First, we can see the the characters of the password are tested one by one, but not in the order they appear in the password: Char 0 is tested first, than char 30, than char 1… The machine has only the stack to keep a state, and between two tests there is only on value on it. So we can assume that each test is independent of the others.

Second, we can see the the single-character-tests are not the same: The testing for char 0 involves a subtraction, the testing of char 30 involves a xor, and char 32 is tested with an addition and a xor.

Third, we can see that there is one character at the bottom position of the stack that’s initialised to 0. After every single-character-test, some result is or’d with this value. And at the very end there is a conditional jump (the only jump in the code) depending on this value, that jumps only if the value is not 0. Here, the jump is taken, and shortly thereafter the function/machine quits and returns 0 (which is interpreted as ‘incorrect’ by main).

The conclusion here is, that each character of the password is tested with some operations which result in 0 if and only if the character is correct. These results are or’d together over time. If that results in 0 at the end, the correct password was entered.

So how do we solve this? One way would be to read the code and calculate what input will lead to a 0 in the end. For example, we can see that the substraction-test for char 0 would result in 0 if the input value is 0x4d (’M’; not that surprising, since all flags start with “MRMCDCTF{”).

Another way would be to feed it all into a theorem prover like Z3. During the CTF, this approach resulted in the quickest solve of this challenge.

But there is yet another option: We can change the code of the machine as we wish. And we know that if there is an or-operation on the cumulative result on the bottom of the stack, and one of the values is not 0, that the last single-character-test has failed.

And if we always know which character is wrong, we can brute force the password one character at a time, with only a few thousand tries.

All we have to do is add some code that calls bie1aibeathae6pieTh6 with possible passwords, and some modifications in the machine that relay back which character was wrong. A dirty implementation of this approach can be found here.

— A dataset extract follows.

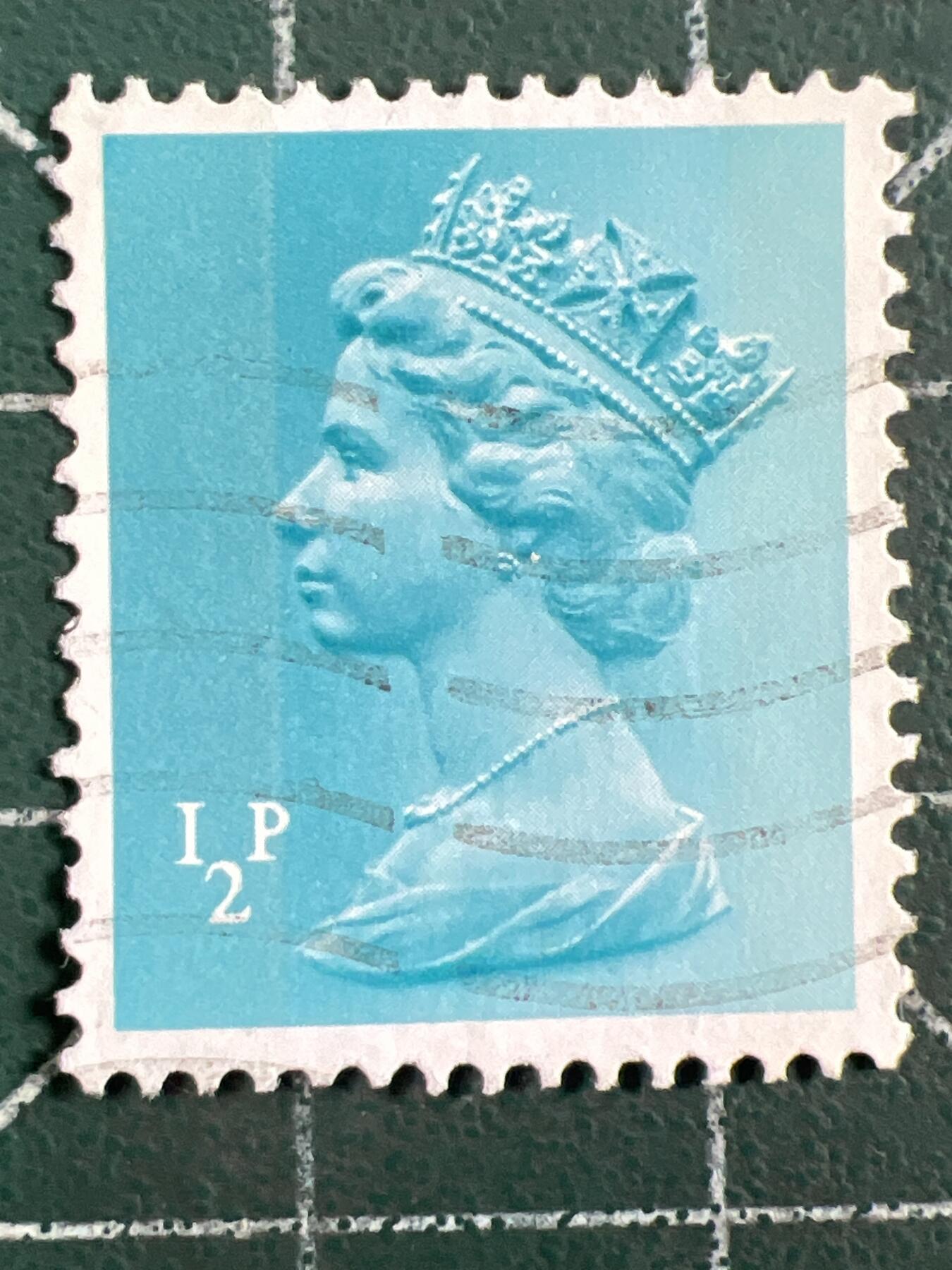 第1123  邮票专场 （无押金，捡漏，全场50包邮，偏远地区除外，接收代拍业务，本店十天发一次货） 英国女王邮票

And yes, one could have optimised it even more: since the characters of the password are tested independently of each other and we see the result of each test, we could have brute forces all characters at the same time and be done after less than 256 tries. But given that even this dirty approach takes less than a second on my machine (and could even be faster without the debug output), I consider this a minor imperfection.